> [Captioned web images]:
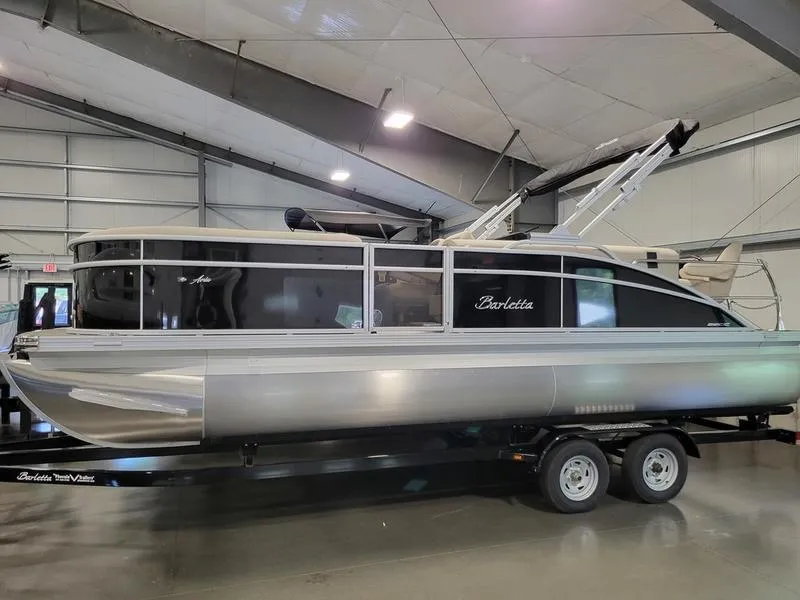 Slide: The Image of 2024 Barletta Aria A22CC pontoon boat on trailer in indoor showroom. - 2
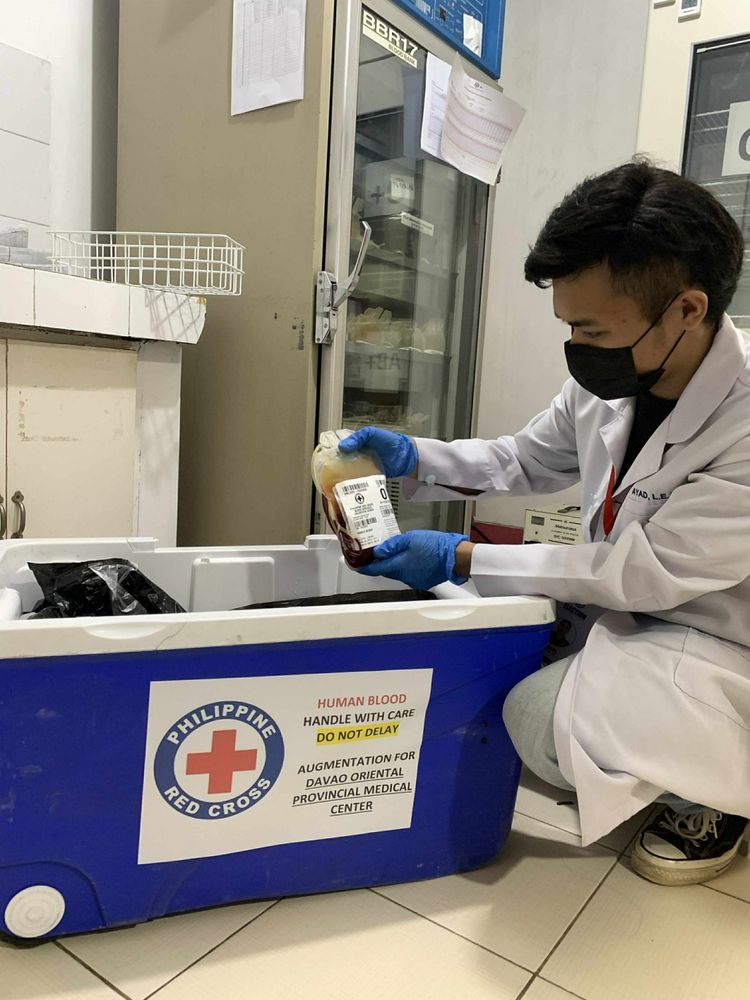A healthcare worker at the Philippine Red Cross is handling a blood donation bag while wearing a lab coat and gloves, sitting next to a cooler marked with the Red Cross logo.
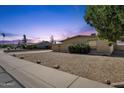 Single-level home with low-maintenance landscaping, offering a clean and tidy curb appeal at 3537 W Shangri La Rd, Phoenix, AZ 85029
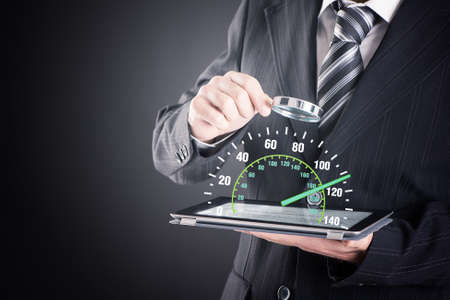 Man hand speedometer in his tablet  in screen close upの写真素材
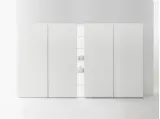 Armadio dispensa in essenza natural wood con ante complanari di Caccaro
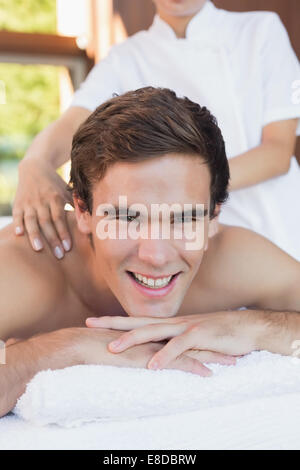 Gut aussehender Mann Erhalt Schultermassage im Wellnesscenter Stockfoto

> [ASSIGNMENT]: This exercise asks for an exact copy of the lines from the first one in the data through the line that contains "A healthcare worker", pictures excluded.

> [ANSWER BOX]:
 Slide: The Image of 2024 Barletta Aria A22CC pontoon boat on trailer in indoor showroom. - 2
A healthcare worker at the Philippine Red Cross is handling a blood donation bag while wearing a lab coat and gloves, sitting next to a cooler marked with the Red Cross logo.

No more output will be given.